At 01:28 PM 8/6/03 -0400, Billy wrote:
At 01:18 AM 8/6/03 -0700, Eric Cordian wrote:
What if all things computable are computable in polynomial time?
You mean polynomials like O(n^10^10^10) ?
subset{P} !=> easy
There could still be some protection with some crypto schemes, in such a world, BUT the adversary is assumed to be much better funded, and poly work gives the adversary's algorithmicists (who can be rented cheaply when young) hope that much faster algorithms can be found, if not published :-) You really want the assurance of exponential work to break it, not just big constants. The problem is that, for public key crypto, we want functions which are easy "one way" (if you know the secret) and exponentionally tough in the length of the public key the other. If there is a "quick" (*non-expon*.) solution to your trap-door function then the adversary can reasonably do the extra work and your scheme is toast. For symmetric crypto, the same applies.

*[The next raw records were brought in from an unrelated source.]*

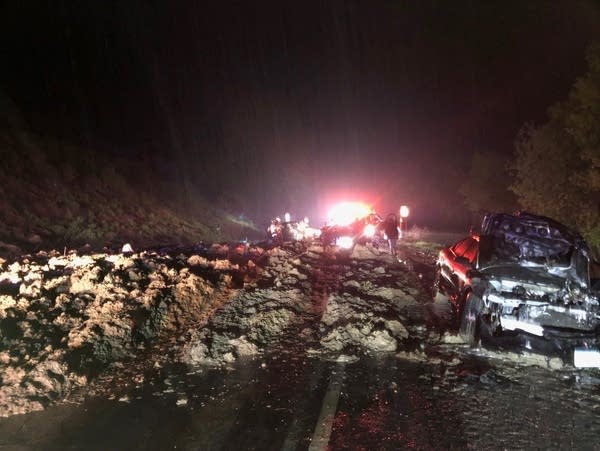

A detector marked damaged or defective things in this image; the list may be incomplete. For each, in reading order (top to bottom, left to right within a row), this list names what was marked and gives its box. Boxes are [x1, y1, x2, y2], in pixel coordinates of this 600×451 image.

crushed car [434, 212, 600, 368]
damaged suv [436, 212, 600, 368]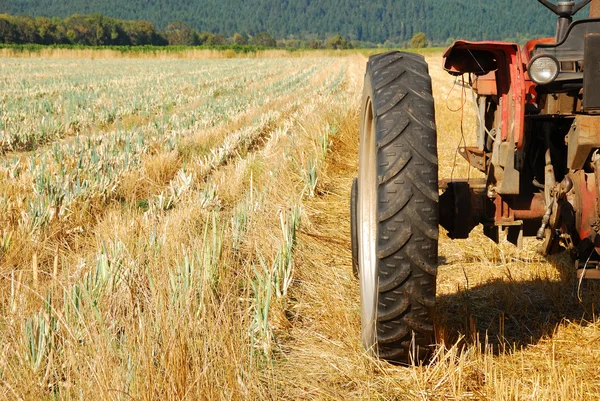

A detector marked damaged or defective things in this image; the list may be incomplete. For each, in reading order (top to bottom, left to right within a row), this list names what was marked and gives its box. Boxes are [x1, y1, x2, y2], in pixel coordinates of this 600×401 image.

rusty metal body [438, 0, 600, 274]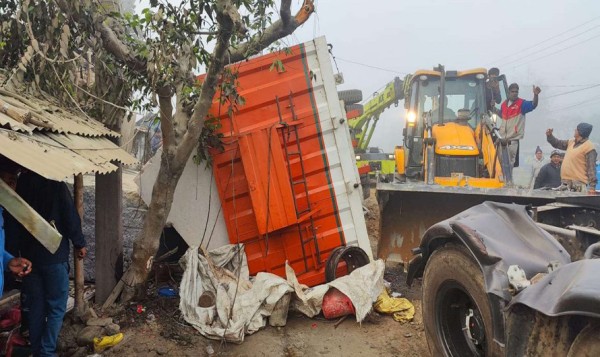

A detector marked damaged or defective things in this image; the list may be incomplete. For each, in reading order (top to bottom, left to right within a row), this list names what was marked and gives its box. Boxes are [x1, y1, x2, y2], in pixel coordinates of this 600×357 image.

wrecked truck chassis [406, 200, 600, 356]
damaged truck cab [408, 199, 600, 354]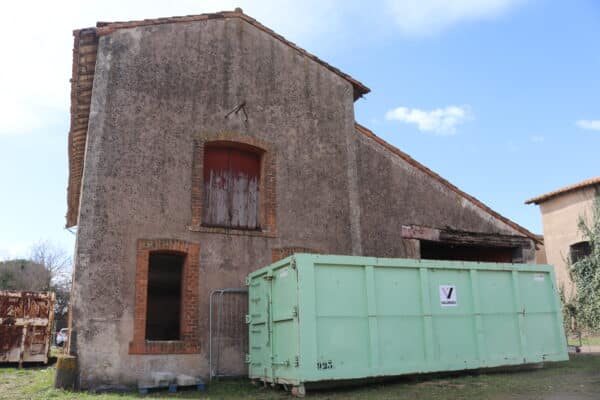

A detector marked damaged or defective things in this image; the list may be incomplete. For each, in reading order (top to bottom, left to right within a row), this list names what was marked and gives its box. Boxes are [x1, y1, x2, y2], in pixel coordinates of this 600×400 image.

rusty metal structure [0, 290, 55, 366]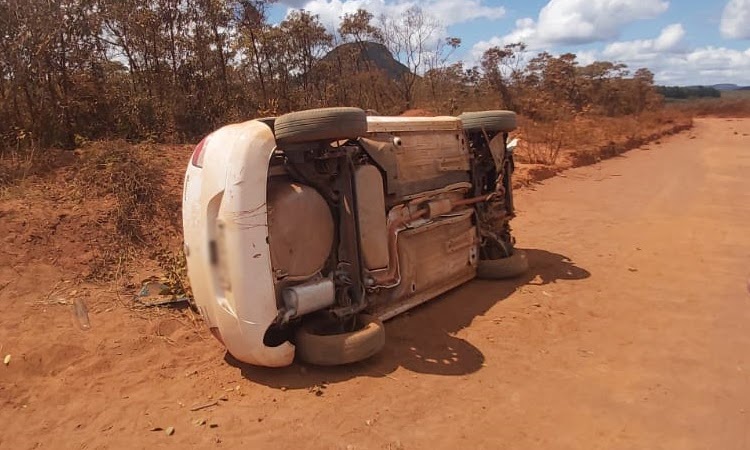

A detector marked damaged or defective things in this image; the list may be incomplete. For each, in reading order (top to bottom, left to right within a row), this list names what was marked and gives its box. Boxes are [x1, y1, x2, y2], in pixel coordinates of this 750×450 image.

overturned white car [184, 107, 528, 368]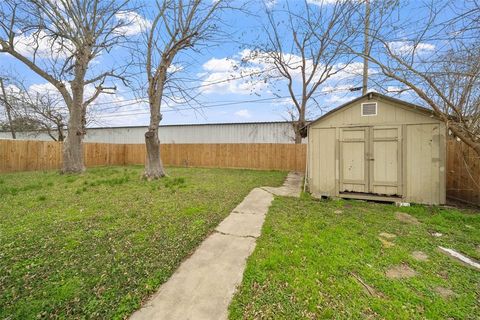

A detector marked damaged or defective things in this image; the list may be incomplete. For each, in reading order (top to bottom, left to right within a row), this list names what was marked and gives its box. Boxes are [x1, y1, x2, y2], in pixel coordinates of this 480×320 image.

cracked concrete path [130, 172, 304, 320]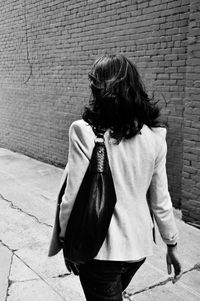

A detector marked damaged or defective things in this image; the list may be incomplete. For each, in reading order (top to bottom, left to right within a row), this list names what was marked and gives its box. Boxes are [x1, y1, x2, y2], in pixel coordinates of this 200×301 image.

sidewalk crack [0, 192, 52, 227]
cracked pavement [0, 148, 200, 300]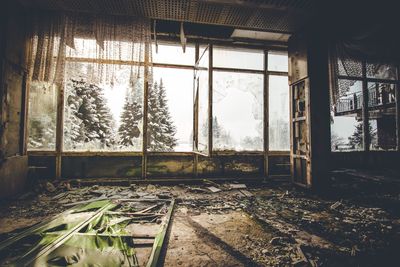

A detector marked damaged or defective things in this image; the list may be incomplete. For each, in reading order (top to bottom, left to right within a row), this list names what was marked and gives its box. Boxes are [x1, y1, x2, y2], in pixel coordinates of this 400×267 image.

You can always make *your* key longer, but the "leverage" you get --the extra work the adversary must do-- is much less if you can't demand exponential work by them (because as was suggested, presumably tongue-in-cheek, by EC, there might not be any exponential work problems) --- "The tragedy of Galois is that he could have contributed so much more to mathematics if he'd only spent more time on his marksmanship."